The food was served in buffet style and had a very very homely touch to it. Those who did the serving at the buffet counters came across as one big, happy family and that sort of added to the ambience of homeliness. This will be more a photo review, so here goes

Passion Fruit Juice in bamboo glasses

To begin with, we were served Passion fruit juice in beautiful crafted bamboo glasses. The trick was to drink from the tip of the glass and not from the rounded edge. The fruit juice was really pleasant and we were told that the fruit had been sourced directly from Mizoram. And now the food.

Satui Hang (Chicken Soup)

We began with the Satui Hang or the Chicken Soup. This was a clear chicken soup, which contrary to the way it looks did not taste like Indianized Chinese soup. Rather the taste of herbs was very distinctive. Josephine, the PR person for this event, explained that there are several herbs local to Mizoram that are used in the cooking and are generally not found elsewhere. Large doses of mint too heightened the taste of the soup. 

Arsa Buhchiar (Chicken Porridge)

Next came Arsa Buhchiar or chicken porridge which was to my mind like a chicken steam rice, only taken a step or two forward. These steps were mighty tasty ones I must add. The porridge was thick, creamish in texture and tasted light. Again, a few local Mizo herbs at work here. Josephine suggested we serve this to junior, but knowing our champ, we ended up eating her share as well, which was a good thing, you see. And then came the two varieties of pork. 

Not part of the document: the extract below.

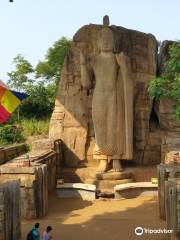 Avukana Buddha Statue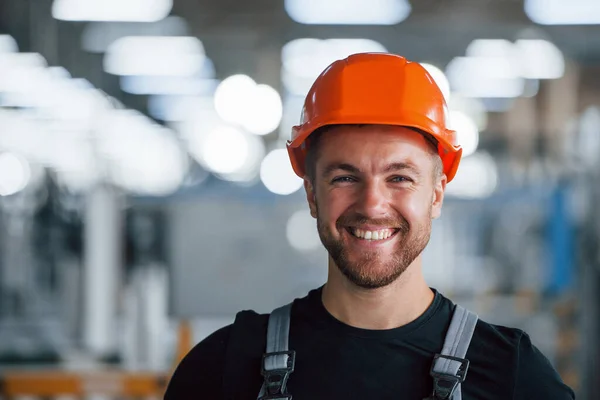 Funcionário Sorridente Feliz Retrato Trabalhador Industrial Dentro Casa Fábrica Jovem — Fotografia de Stock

Vawksa Rep (Smoked Pork with Bamboo Shoots)

Vawklu Bawl ( Pork Head with sesame and spices)

Sudhakar and I love our pork and to have them in two unique ways was a delight. To begin with, the Vawksa Rep. This was smoked pork with bamboo shoots. Smoking here is done on bamboo and the smell and flavor imparted in earthy and very very different from what we are used to. This is then boiled with bamboo shoots which gives it that add crunch and texture. The Vawklu Bawl is pork head with sesame and spices. Again, a thick gravy-ish sort of dish where herbs play a huge role. Delicious even to someone like me who is not much for non-conventional parts of meat. 

Sangha Kan (Fish in Sauce)

Another item on this buffet menu was the Sangha Kan (Fish in Sauce). Now when you say sauce here, it is not the thick cornflour based sauces that conditioned minds like ours tend to image. In fact, this is a light herb based sauce which has a generous dose of vegetable slivers added to it. Again the look of the dish may be familiar to some common styles of fish preparation, but the taste was something totally new. 

Chhum Han (Steamed vegetables)

Chhum Han (steamed veggies). Is there a better way to eat your vegetables. I, for one don't think so. This was a mix of carrots, cabbage, cauliflower and beans. 

Bete (Stripe Bean Dal)
Chaw and Bawngsa mai leh tomata nena kan
(Rice and beef curry with pumpkin and tomato) 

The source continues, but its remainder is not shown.